Küçük Bir Lanetlenme Meselesi SİSİFOS
Durup bir düşünelim önce. Lanetlenmek neydi? Kurtuluşu var mıydı? Kiminle başlamıştı bu? Sisifos (Sisyphos), Aeolus ve Enarete’nin oğlu, büyük Korint kentinin kurucu kralıydı. Efsanelere göre Sisifos denizcilik ve deniz ticaretiyle uğraşan ve gelişmesinde de büyük katkıları olan bir kraldı. Bu güzel özelliklerinin yanı sıra olabildiğine açgözlü ve kurnazdı. Kuralları yok sayacak kadar kurnaz olan bu kral insanları ölüme yollayacak bencilliği de tüm ruhunda taşımaktaydı.
Ve Sisifos’un lanetlenme olayına gelecek olursak eğer günlerden bir gün Sisifos, Irmak Tanrısı Asopos’a kızı Aigina’yı kaçıranın Tanrı Zeus olduğunu söyleyerek kendi kalesinin içindeki pınarın tekrardan akıtılmasını ister Irmak Tanrısı’ndan ve isteği gerçekleşir.

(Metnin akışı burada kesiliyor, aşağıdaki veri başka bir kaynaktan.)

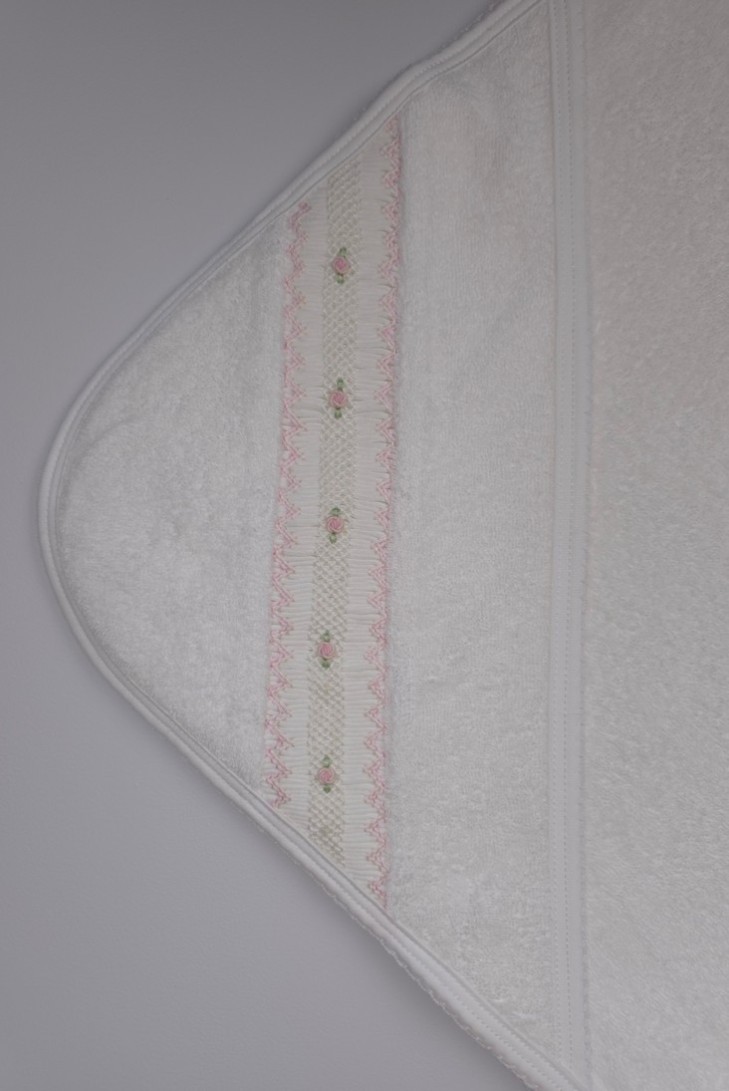 CAPA DE BAÑO PUNTO SMOCK FLOR, ROSA. VERANO 26.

Lakin hayatının en büyük bencilliklerinden birini gerçekleştirdiğinin farkında değildir Sisifos. Tanrı Zeus kendisini ispiyonlayanın o olduğunu öğrenince onu cezalandırması için ölüm meleği olan Thanatos’u gönderir fakat kurnazlıkta usta olan Sisifos onu kandırarak zincire vurur ve bunu duyan Zeus daha da öfkelenerek mücadelesini kendi sürdürmeye karar verir. Sisifos yeraltı dünyasına indirilmesine rağmen ne kurtuluş yolu aramaktan vazgeçmiştir ne de kurnazlığından ödün vermiştir. Yeraltı Tanrısı Hades ölüm töreni gerçekleşmeyen Sisifos’u kabul etmek istemez ve töreni gerçekleştirmeyen karısını sırf cezalandırsın diye onu tekrardan yeryüzüne gönderir. Sisifos bu olayı da kendi lehine çevirecek ve yıllar boyunca yeryüzünde yaşamaya devam edecektir ta ki tanrılar onu cezalandırana kadar.
Sisifos artık lanetlenmiştir sonsuz bir döngü içinde dev, yuvarlak bir kayayı dik bir tepeye çıkarmaya mahkum edilmiştir. Ne zaman ki zirveye yaklaşsa kaya geriye doğru yuvarlanıp, en başa dönmektedir. Bu kısır döngü içine sıkışıp kalan Sisifos kendi lanetini kendi yaratmıştır. Bencilliği öylesine yakasına yapışmıştır ki bu İngilizce’de ‘sisyphean’ kelimesi yani ‘anlamsız’ ya da ‘bitmek tükenmek bilmeyen işler’ olarak literatür de yerini almıştır.
Herkes kendi cehennemini herkes kendi lanetini yaratır. Sisifos’ta kendi kendinin laneti olmuştu. Bitmek tükenmek bilmeyen bir çabayla ittirdiği kayanın her aşağı düşüşünde altında ezilen emekleri, alın teri, hevesleri kendi lanetinin döngüsünün her bir parçasıydı artık. Hayatımızda aldığımız her yanlış ya da doğru karar ya olduğumuz yerde saymamızı sağlayarak bir kayanın altında ezilmenin verdiği ağırlıkla ya da kendi kanatlarımızı yaratarak birer Pegasus’a dönüşmemize neden olacaktır. Peki ya siz?